As soon as the calculation is done, the data is sent to the view class, where it display the eventual outcome at the button of the screen. The top and middle view is the camera view where user can pick other points of interest for new color.
Challenges I ran into
This "Simple task" was actually A LOT of work. But aside from the tedius debugging process everything was sorted out except Camera. I was not able to make to auto zone to the optimal resolution, hence the camera view would seem a little bit blurry when you put the camera too close to the surface on which you wish to peek the color.
I should get the auto focus running so that the peek so it would appear to be more accurately extracting color data. It is actually the same accuracy considering the fact that the algorithm is calculating the average of the center block rather than the center point. So even if the picture become more clear, the underlying algorithm is the same. The reason why I chose not to pick a point is because a point may deviates from the surface' true color. But a clearer image would significantly increase the user experience.
Um my partner dipped 2 hrs into the hack but that's ok.
Accomplishments that I'm proud of
- Was able to get the code working!
- Handle the camera positioning, framing, and all those shenanigan myself without using an external library, which means much faster and more resource efficient than running a gigantic camera handler thread on the side
- Had time left to implement the Restful call for learning more about the color.
- First time trying solo hackathon.
What I learned
I think I learned I've learned from previous hackathons when I could not even finish the project by the end. that is do not get right into coding but:
Think about what you wanna make
Plan and draw out the software architecture. Things become so nice that I do not have to worry about reorganizing the code after a new module is donee)
Trim down your ambition.

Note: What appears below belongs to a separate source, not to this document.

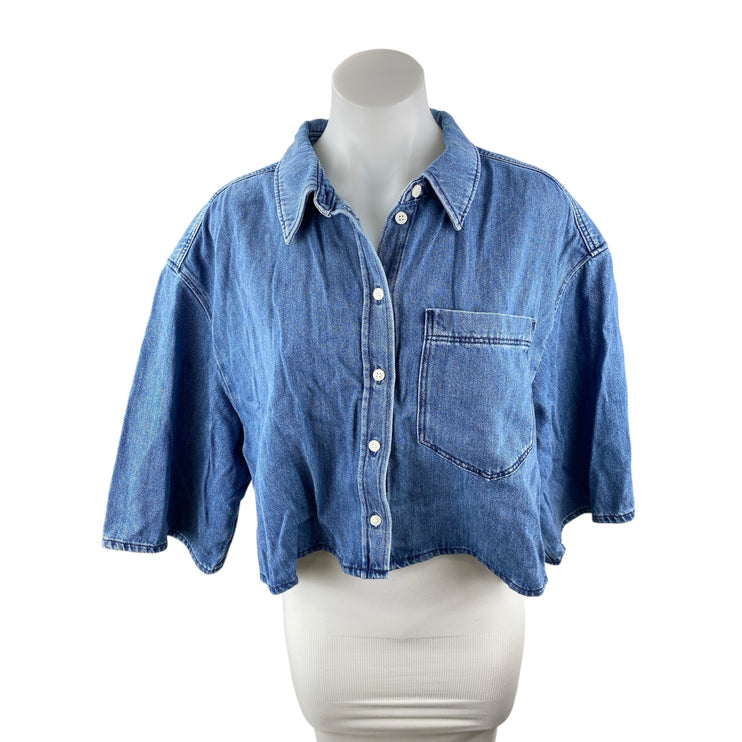 COS Blue Oversized Collared Half Sleeve Button Up Crop Denim Shirt Blouse Top 14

I originally wanted to do a AR model that guides people on safest path on campus, but it was not within the scope of a 1 person team in a 1 day hackathon
Get coding, and don't stop (if you pause and get food, you slag off)
What's next for peeker
I will implement the AR function so that not only colorblind can use it for color, but this will transform to a life/travel/campus AR guide for people, which will be more useful and target a greater number of audience.